San prometeu, olhando nos olhos de Wooyoung, que aquilo nunca aconteceria novamente. E assim o fez.

Wooyoung o distraía da sua necessidade de tomar qualquer comprimido que visse em sua frente. As tardes passavam rápido quando estavam juntos discutindo algum assunto extremamente fútil, como: "Qual filme seria mil vezes melhor se os protagonistas fossem um casal gay?"

— 'Tá na cara que é "Meu primeiro amor" — Wooyoung disse deitado com a cabeça no colo de San, que estava fazendo carinho nas madeixas castanhas.
— Resposta errada. O certo é "Orgulho e preconceito" — O Choi rebateu, e arrancou uma risada do mais novo.
— Que resposta genérica, Choi San, por Deus.
— Você ouviu o que você disse?! — Respondeu fingindo estar magoado com um bico, o que fez Wooyoung rir ainda mais.

Aquelas semanas foram as melhores de sua vida. Nunca conseguiu ficar limpo por muito tempo e estava sendo tudo tão leve…

Agora, o Choi acredita que nunca conseguirá ficar sóbrio novamente.

San teve uma crise em setembro. Uma recaída que veio repentinamente e de maneira intensa. Ele não viu outra saída a não ser perder-se novamente nos seus maiores inimigos, e é claro que Wooyoung surtou.

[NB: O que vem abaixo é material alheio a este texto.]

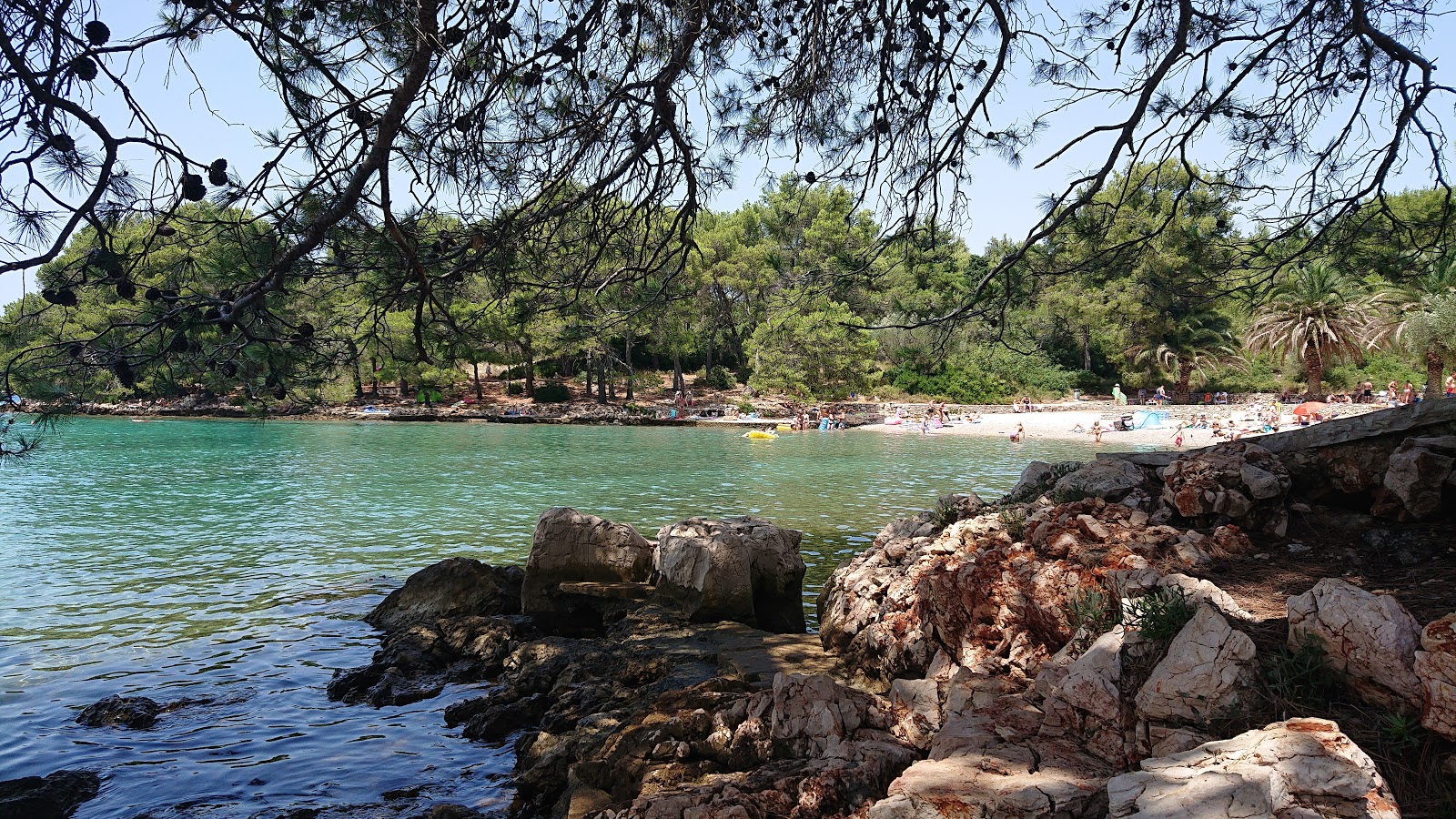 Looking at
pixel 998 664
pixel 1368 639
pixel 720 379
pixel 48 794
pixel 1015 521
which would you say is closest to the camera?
pixel 1368 639

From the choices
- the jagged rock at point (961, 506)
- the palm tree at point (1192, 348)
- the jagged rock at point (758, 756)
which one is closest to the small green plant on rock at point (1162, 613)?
the jagged rock at point (758, 756)

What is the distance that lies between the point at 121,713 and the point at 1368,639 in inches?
340

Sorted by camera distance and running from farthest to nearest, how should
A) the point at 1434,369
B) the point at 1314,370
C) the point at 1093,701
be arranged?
the point at 1314,370, the point at 1434,369, the point at 1093,701

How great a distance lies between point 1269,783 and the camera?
2568mm

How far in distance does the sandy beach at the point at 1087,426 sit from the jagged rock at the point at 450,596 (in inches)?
1151

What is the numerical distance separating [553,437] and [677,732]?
3548 centimetres

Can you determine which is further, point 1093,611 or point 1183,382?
point 1183,382

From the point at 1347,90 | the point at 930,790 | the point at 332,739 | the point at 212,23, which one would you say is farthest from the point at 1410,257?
the point at 332,739

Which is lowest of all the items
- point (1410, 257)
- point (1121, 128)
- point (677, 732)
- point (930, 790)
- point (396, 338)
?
point (677, 732)

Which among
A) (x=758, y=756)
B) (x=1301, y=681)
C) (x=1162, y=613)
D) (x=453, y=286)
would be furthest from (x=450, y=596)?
(x=1301, y=681)

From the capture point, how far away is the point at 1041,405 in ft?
162

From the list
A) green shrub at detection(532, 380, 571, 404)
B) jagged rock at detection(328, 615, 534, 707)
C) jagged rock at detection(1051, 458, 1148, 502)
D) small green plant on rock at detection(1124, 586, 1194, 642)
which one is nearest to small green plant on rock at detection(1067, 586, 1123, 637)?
small green plant on rock at detection(1124, 586, 1194, 642)

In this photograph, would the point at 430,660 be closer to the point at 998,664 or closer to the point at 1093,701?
the point at 998,664

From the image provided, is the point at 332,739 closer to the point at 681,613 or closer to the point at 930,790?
Result: the point at 681,613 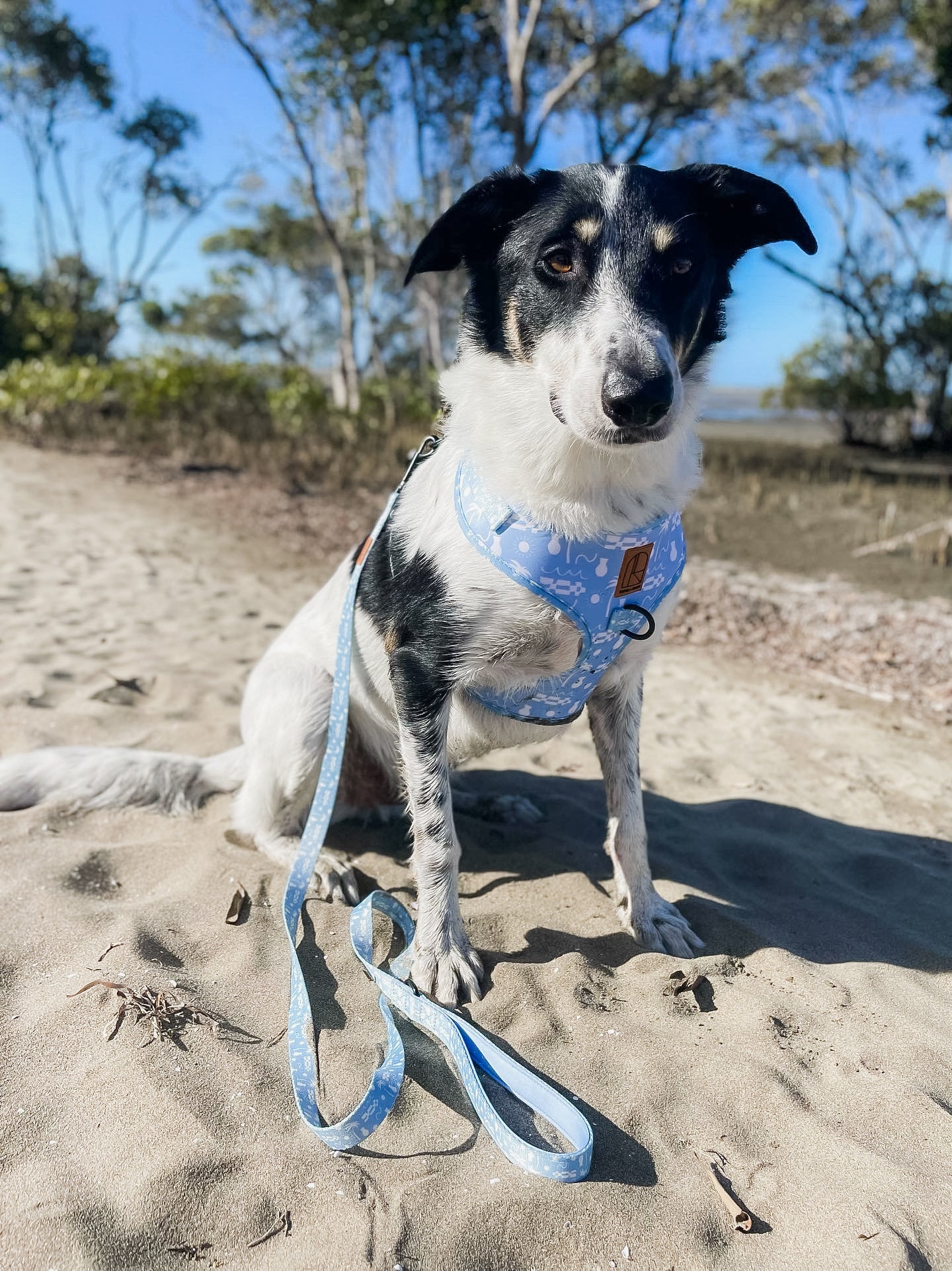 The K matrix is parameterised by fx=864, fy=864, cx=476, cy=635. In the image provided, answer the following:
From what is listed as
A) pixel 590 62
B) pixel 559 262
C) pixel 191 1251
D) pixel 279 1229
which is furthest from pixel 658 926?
pixel 590 62

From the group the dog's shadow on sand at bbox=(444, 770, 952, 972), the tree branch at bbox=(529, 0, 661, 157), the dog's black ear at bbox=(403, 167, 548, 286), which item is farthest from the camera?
the tree branch at bbox=(529, 0, 661, 157)

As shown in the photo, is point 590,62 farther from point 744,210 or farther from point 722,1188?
point 722,1188

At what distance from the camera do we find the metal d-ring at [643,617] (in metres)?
2.32

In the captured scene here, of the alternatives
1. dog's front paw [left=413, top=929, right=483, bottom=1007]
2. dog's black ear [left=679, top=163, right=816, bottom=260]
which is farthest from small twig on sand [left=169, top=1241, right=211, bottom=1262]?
dog's black ear [left=679, top=163, right=816, bottom=260]

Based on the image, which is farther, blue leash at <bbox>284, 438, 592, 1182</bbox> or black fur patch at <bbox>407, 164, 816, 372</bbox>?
black fur patch at <bbox>407, 164, 816, 372</bbox>

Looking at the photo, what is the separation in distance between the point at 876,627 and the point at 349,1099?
5.14 m

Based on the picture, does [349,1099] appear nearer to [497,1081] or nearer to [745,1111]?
[497,1081]

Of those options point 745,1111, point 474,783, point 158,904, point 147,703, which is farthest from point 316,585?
point 745,1111

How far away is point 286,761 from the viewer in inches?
107

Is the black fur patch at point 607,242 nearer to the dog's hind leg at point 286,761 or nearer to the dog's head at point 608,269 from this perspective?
the dog's head at point 608,269

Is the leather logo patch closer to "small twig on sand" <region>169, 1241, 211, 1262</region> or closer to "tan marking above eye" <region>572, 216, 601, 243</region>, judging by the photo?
"tan marking above eye" <region>572, 216, 601, 243</region>

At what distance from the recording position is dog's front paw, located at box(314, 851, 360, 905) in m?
Result: 2.68

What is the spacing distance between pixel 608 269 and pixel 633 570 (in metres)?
0.74

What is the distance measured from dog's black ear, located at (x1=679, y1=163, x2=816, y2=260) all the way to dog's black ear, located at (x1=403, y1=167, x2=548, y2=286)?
422mm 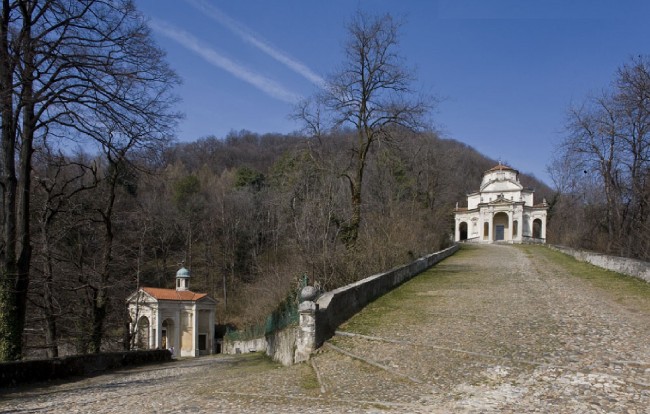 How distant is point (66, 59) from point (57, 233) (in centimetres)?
672

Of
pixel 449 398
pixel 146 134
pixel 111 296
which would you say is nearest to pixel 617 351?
pixel 449 398

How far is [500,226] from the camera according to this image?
68.0 metres

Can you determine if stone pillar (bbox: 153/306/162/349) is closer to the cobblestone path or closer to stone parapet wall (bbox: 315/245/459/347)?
stone parapet wall (bbox: 315/245/459/347)

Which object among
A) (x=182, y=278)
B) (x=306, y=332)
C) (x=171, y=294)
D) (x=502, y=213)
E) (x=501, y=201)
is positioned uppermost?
(x=501, y=201)

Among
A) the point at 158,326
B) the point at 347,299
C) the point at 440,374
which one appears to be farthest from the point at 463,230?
the point at 440,374

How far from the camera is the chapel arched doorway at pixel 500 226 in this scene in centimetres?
6700

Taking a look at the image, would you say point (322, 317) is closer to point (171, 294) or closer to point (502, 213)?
point (171, 294)

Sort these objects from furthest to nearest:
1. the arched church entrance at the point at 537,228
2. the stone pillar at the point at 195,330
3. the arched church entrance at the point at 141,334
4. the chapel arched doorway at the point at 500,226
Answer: the arched church entrance at the point at 537,228 < the chapel arched doorway at the point at 500,226 < the stone pillar at the point at 195,330 < the arched church entrance at the point at 141,334

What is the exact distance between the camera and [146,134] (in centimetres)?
1197

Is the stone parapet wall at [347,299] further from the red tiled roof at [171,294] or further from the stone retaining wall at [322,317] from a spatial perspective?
the red tiled roof at [171,294]

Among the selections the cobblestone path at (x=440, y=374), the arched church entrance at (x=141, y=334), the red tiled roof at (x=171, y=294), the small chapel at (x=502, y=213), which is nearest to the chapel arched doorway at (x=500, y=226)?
the small chapel at (x=502, y=213)

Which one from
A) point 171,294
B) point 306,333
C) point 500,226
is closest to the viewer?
point 306,333

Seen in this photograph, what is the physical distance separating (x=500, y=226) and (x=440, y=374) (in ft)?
213

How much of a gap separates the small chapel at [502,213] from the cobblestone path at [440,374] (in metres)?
54.3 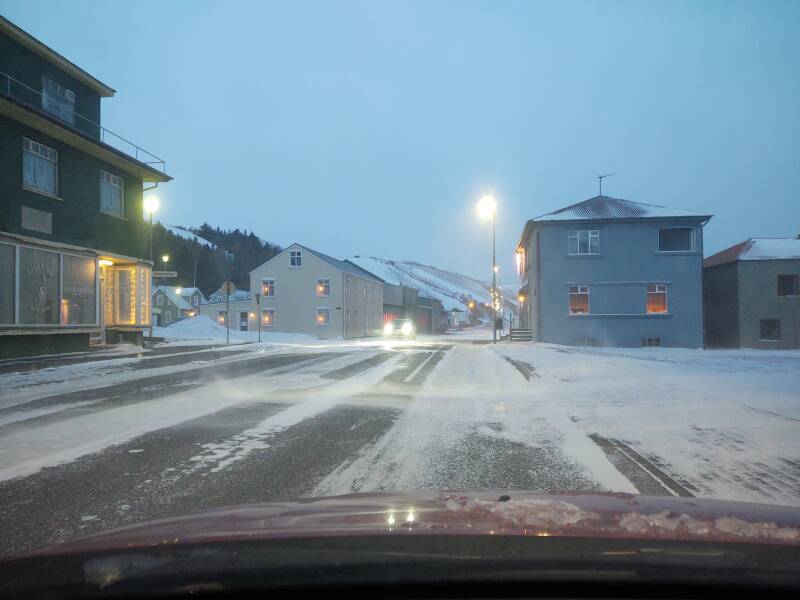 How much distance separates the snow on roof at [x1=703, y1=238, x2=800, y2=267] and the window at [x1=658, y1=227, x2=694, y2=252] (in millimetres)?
4823

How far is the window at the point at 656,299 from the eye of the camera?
106 feet

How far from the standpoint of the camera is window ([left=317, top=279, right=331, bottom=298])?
52438 mm

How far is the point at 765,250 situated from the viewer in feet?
117

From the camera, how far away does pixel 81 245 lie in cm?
2052

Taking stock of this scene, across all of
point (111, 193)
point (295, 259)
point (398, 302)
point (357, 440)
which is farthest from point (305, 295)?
point (357, 440)

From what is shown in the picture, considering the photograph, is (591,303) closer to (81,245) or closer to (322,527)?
(81,245)

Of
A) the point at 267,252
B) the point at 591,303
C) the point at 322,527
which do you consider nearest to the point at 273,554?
the point at 322,527

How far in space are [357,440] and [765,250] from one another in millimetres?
36285

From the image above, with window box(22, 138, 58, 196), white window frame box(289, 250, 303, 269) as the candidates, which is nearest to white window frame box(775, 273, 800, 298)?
white window frame box(289, 250, 303, 269)

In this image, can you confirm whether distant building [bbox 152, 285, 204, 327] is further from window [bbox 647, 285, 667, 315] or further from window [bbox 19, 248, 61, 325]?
window [bbox 19, 248, 61, 325]

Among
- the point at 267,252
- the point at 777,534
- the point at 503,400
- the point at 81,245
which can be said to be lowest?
the point at 503,400

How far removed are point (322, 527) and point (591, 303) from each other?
32.2m

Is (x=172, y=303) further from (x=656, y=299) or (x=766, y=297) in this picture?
(x=766, y=297)

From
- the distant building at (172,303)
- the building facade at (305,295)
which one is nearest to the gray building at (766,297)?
the building facade at (305,295) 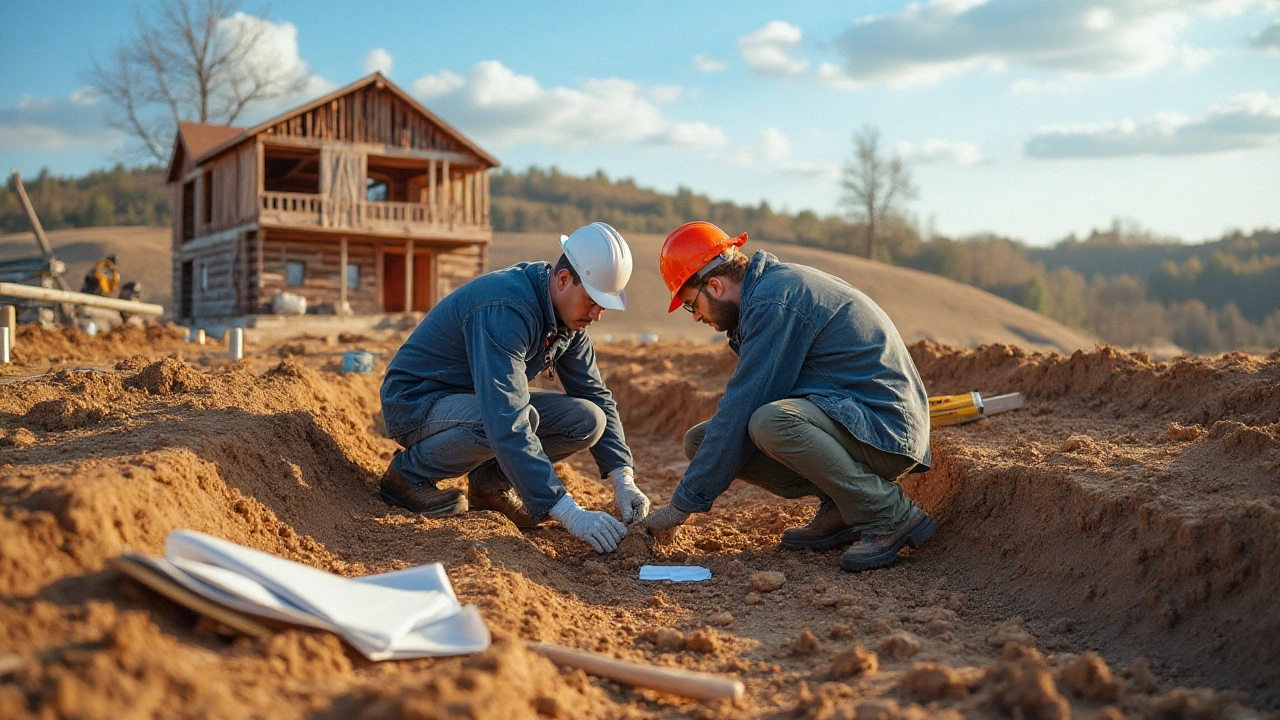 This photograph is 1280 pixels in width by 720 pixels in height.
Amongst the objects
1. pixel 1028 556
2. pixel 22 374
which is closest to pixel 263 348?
pixel 22 374

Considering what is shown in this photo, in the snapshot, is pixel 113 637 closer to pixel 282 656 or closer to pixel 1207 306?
pixel 282 656

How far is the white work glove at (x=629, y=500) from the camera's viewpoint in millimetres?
4273

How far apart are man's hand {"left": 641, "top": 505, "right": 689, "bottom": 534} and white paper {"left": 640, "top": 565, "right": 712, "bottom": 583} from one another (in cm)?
18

Foi a partir desse ocorrido que as coisas pioraram. Os dois brigavam, se afastavam e, em apenas alguns dias, estavam batendo na porta um do outro, se enchendo de pedidos de desculpas fajutos e insignificantes, que seriam abafados por beijos e noites em claro. Um jogo que, até então, San estaria disposto a jogar.
Ele não queria machucar Wooyoung, mas não queria se afastar dele. Por mais que esse tipo de coisa afastasse os dois.
Wooyoung o ajudava, o deixava bem, mas ele fugia.
Por que ele fugia?
Ele vai se arrepender para sempre.

É claro que Wooyoung não admitiria aquele jogo de bumerangue por muito tempo. Seus sentimentos por San eram tão claros quanto os do próprio. Ele estava sangrando, mas fazia questão de pegar suas próprias ataduras para conter as feridas de seu coração, se isso garantia continuar com San.
Mas, como o esperado, uma hora aquilo iria cansa-lo. Fazer seus próprios curativos era desgastante. Estava o desgastando e ele nunca havia se sentido tão exausto na vida.
E foi quando mandou aquelas mensagens para San.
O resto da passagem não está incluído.